Tarih bilincinden yoksun olduğu tescilli olan ulusal basınımız “Yorgo Onur Savaşı Veriyor” benzeri manşetler atarak Yunan Devletinin içinde bulunduğu 
duruma dramatik bir biçimde, Romantizm ekseninde yaklaşıyordu. Oysa Türk-Yunan İlişkilerinin son iki yüz yıllık tarihine göz gezdirildiğinde gerçekte dramatik sahneler yaşayanın, haksızlığa uğrayanın, onur/haysiyet savaşı verenin kim olduğu görülür. Bu bağlamda Balkan Savaşları, Kurutuluş Savaşı ve Kıbrıs 
Mes’elesi gibi yakın tarihimizde yaşanan gelişmeleri dışarıda tutup, Yunan Devletinin ortaya çıkmasını sağlayan 1821 Yunan ve 1896 Girit İsyanları üzerinde durulacaktır. Bu sayede, 1959’dan beri çaba sarfetmesine rağmen Türkiye’nin AB’ye üye olarak alınması mümkün olmaz iken Kıbrıs Rum Kesiminin alel-acele AB’ye alınması gibi yakın döneme ait bazı gelişmelerin de arkasında yatan sebepler görülmüş olacaktır.

II. Murad devri ile (1421-1451) Osmanlı idaresine girmeye başlayan Güneydoğu Balkan Coğrafyası uzunca bir dönem devam eden Osmanlı Refahı sayesinde mamur hâle gelmişti. Azınlıklardan Rumlar saray tercümanlığı, saray doktorluğu ve bankerlik gibi üst düzey mesleklerde bulunuyor; yabancı tüccarlara önce tercüman daha sonra aracı olarak yardımcı oluyorlardı. 1800’lere doğru ise doğrudan tüccar veya gemici olarak Amsterdam, Marsilya ve Londra gibi Avrupa’nın en gelişmiş şehirleri ile Osmanlı limanları arasındaki iktisadî ilişkileri yürütür olmuşlardı. Osmanlının sağladığı bu barış ortamı sayesinde Rumların dünyayı tanımaları, siyasî ve kültürel açıdan bilinçlenmeleri mümkün oluyordu. DolayısıylaYunan millî uyanışında yurt dışında ticaretle meşgul olan Rum 
tüccarların, Rum Diasporasının, büyük önemi bulunmaktadır.
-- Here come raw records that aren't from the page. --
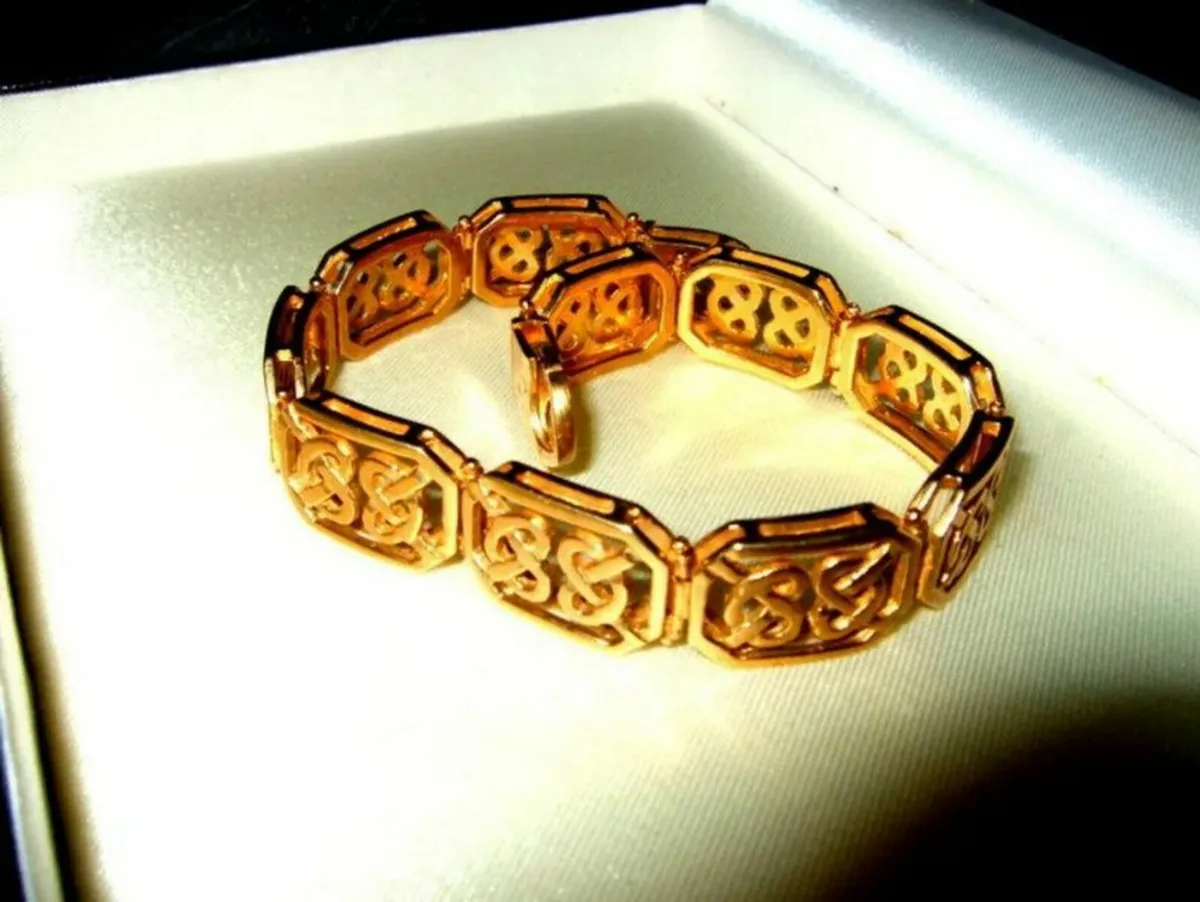 Vintage Hallmarked 9ct Gold Celtic Bracelet - Image 1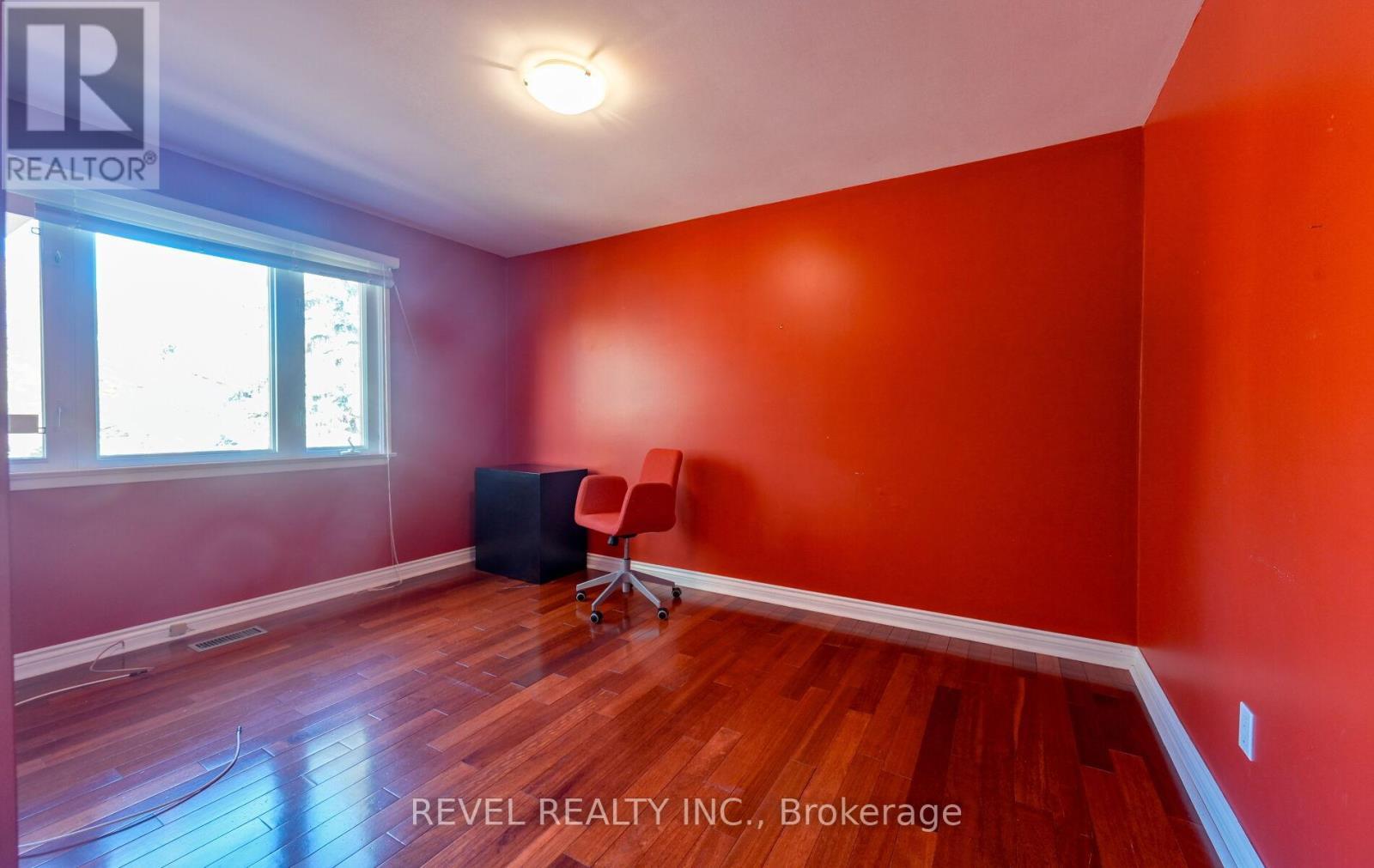 1034 Fredonia Drive, Mississauga, ON - Indoor Photo Showing Other Room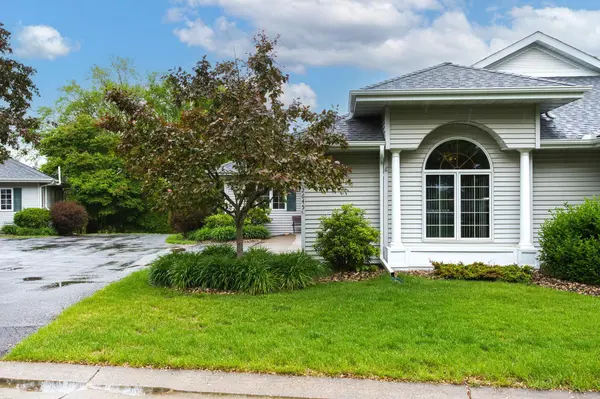 2645 Golf View DR, River Falls, WI 54022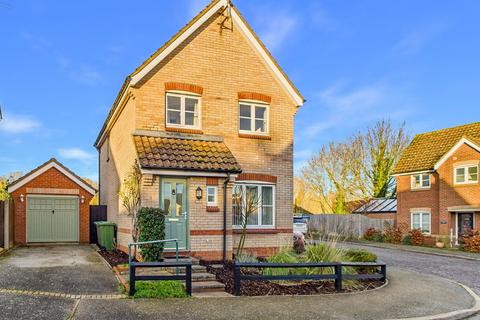 3 bedroom detached house for sale, Coucy Close, Framlingham, Suffolk
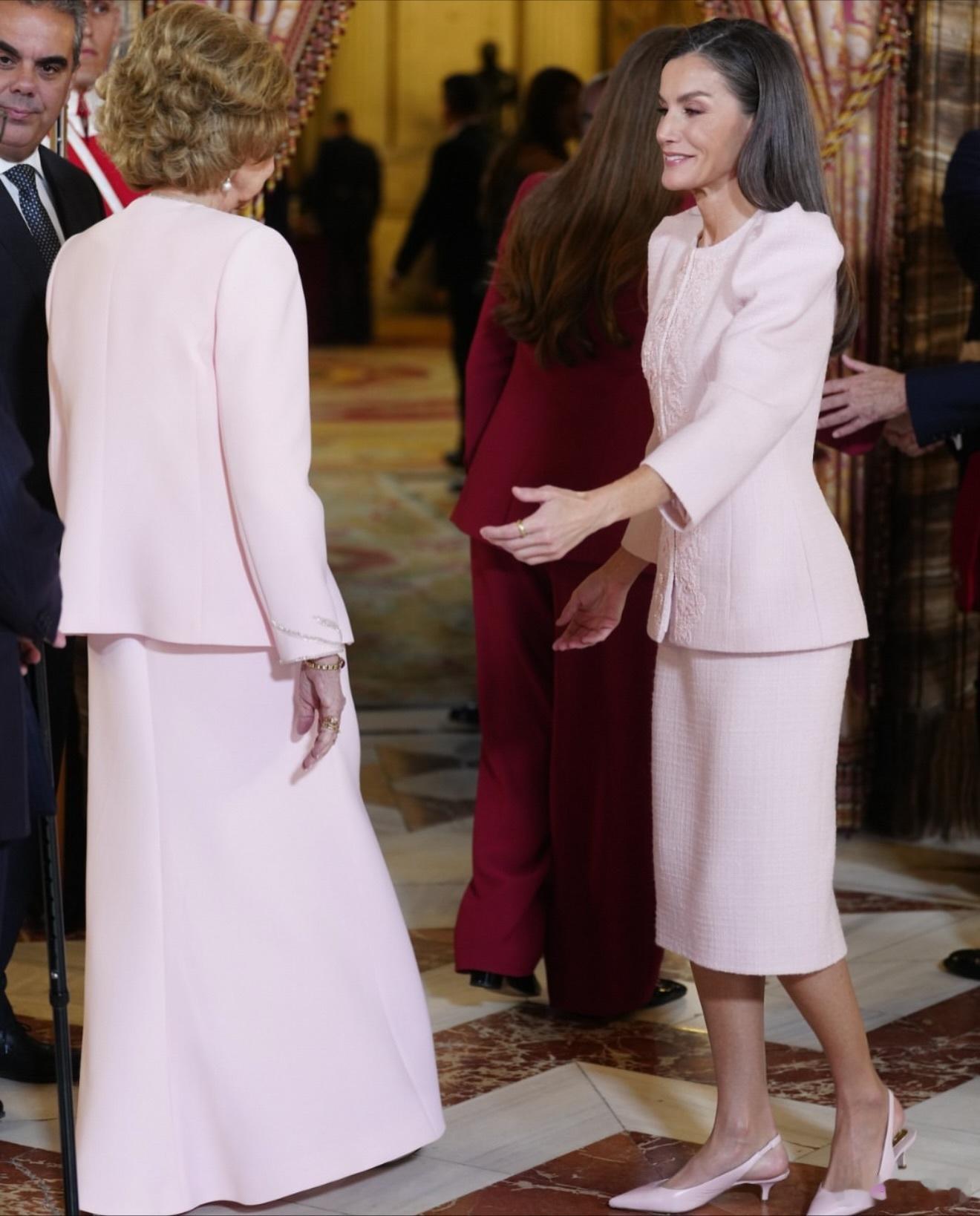 🇪🇸索菲娅王后和儿媳妇莱蒂齐亚王后、孙女阿斯图里亚斯公主完美互动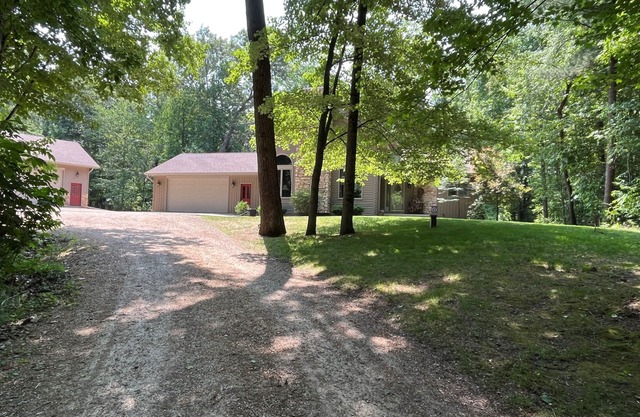 Quiet relaxing wooded property.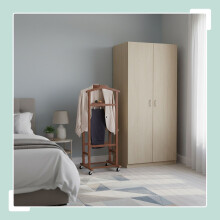 Bamboe kledingstandaard met hangers en wielen
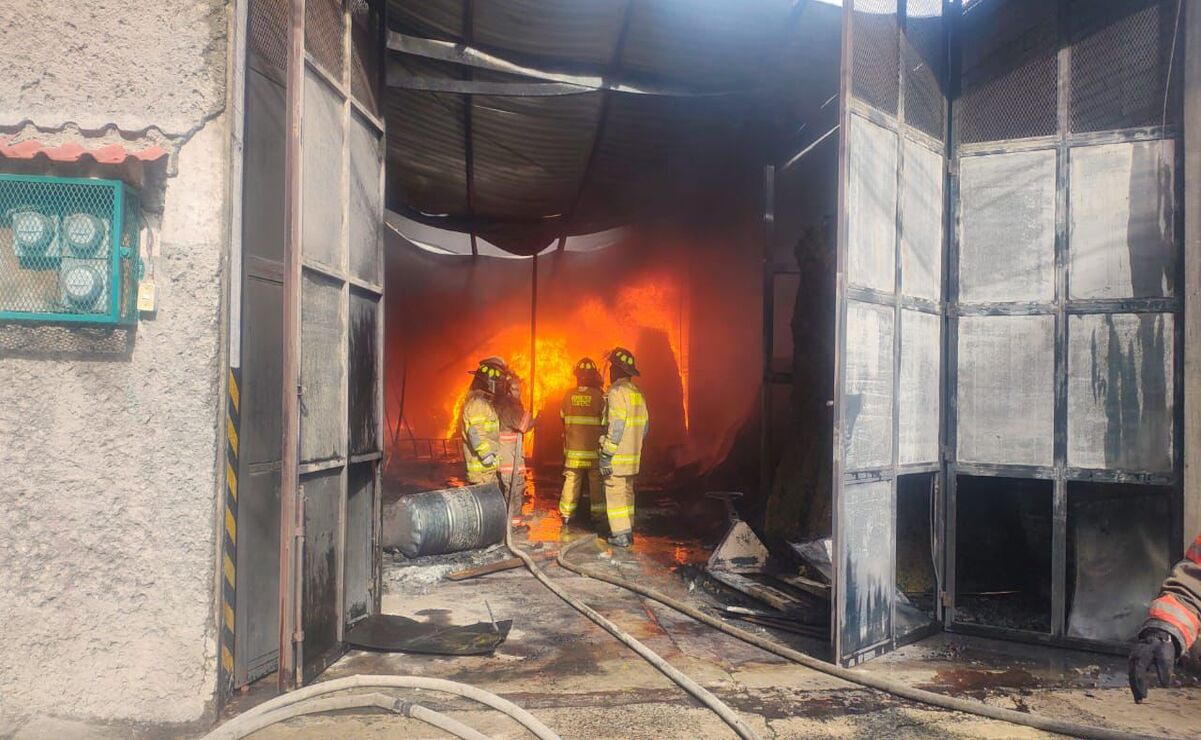 Los bomberos llevaron una motobomba, dos pipas para apagar las llamas que afectaron una superficie de 500 metros cuadrados / Foto: Especial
Osmanlı Devleti içerisinde öteden beri özel bir yer tutan İstanbul’da oturan Fenerli Rumlar 
Eflak ve Boğdan gibi Özerk Prensliklerin başına Voyvoda/Prens olarak atanıyorlar (1711-1821), yerli halklar ile akrabalıklar tesis ederek buralarda geniş mülkler 
ediniyor, itibar kazanıyorlardı. Ortodoks Kilisesinden almış oldukları destek ile buralarda ideolojilerini serbestçe yayabiliyor, Bizans’ı tekrar diriltmek 
için gereken her türlü faaliyetin içerisinde yer alıyorlardı. Bu bağlamda 1821 yılında patlak veren ilk Rum isyanının bu prensliklerde ortaya çıkması rastlantı 
değildir.

Rumlar emellerini ‘Megali İdea’ dedikleri büyük ülküleri çerçevesinde şekillendirmişlerdi. Bu fikir Bizans’ın yeniden ihya edilmesini hedeflemekteydi. 
Batı’da meydana gelen yeni fikirler, Yunan şair, yazar ve tarihçilerini harekete geçirerek, megali idea denilen düşüncenin oluşumuna katkı sağlamıştı. Yunan 
şairlerinden Kosmos O Etolois (d. 1714) Ege denizindeki adaları tek tek dolaşarak, Yunan bağımsızlık fikrini yaymaktaydı. Yunan tarihinin ünlü şairi 
Velestin’li Rigas, 1797’de Viyana’da Bağımsız Büyük Yunanistan Haritasını bastırmıştı. Yunan bağımsızlık düşüncesinin oluşumuna zengin Yunan tüccarları ve Kilisenin de tesirleri olmuştu. Bunlar vasıtasıyla Yunanlar arasında kültürel faaliyetlerle bağımsızlık düşüncesi giderek yerleşmişti. Batılı fikir 
adamlarının Yunan kültürüne dair araştırma yapmak için kurdukları birimler, Yunan sempatizanlığını meydana getirmişti. Yunan klasiklerinin yeniden tercüme edilmesiyle hem Avrupa’da Yunan hayranlığının giderek artması ve hem de Rumlar arasında geçmişlerine karşı özlem ve hayranlık uyanması mümkün olmuştu. Eğitimleri esnasında Grek dili ve kültürü ile yoğrulmuş Avrupa burjuvazisinin Osmanlı egemenliğindeki Rumların isyan hareketlerine gereken ilgiyi göstermemeleri düşünülemezdi. İngiliz yazar Byron, Yunanlılar lehine kaleme aldığı ateşli yazılarıyla Avrupa’nın aydın çevresi üzerinde büyük tesir 
uyandırdığı gibi, gönüllü olarak Yunanistan’a (Türklere karşı) savaşmaya gitmişti. İngiliz, Fransız ve İtalyan subaylar gönüllü olarak Yunan İsyanına 
katılarak Yunan deniz ve kara birliklerinde görev almışlardı. Avrupa aydınları arasında Türklerin yok edilmesi bir insanlık vazifesi olarak görülmekteydi. 
Ancak savaşmak üzere Mora’ya gelen gönüllüler büyük bir düş kırıklığına uğramışlardı; ne gördükleri ülke antik çağ görüntüleri taşıyor ve ne de 
gördükleri Rumlar antik Yunan insanının özelliklerini taşıyorlardı. Müslümanlara uygulanan vahşeti gören gönüllülerin bir çoğu memleketlerine dönmenin yollarını aramışlardı.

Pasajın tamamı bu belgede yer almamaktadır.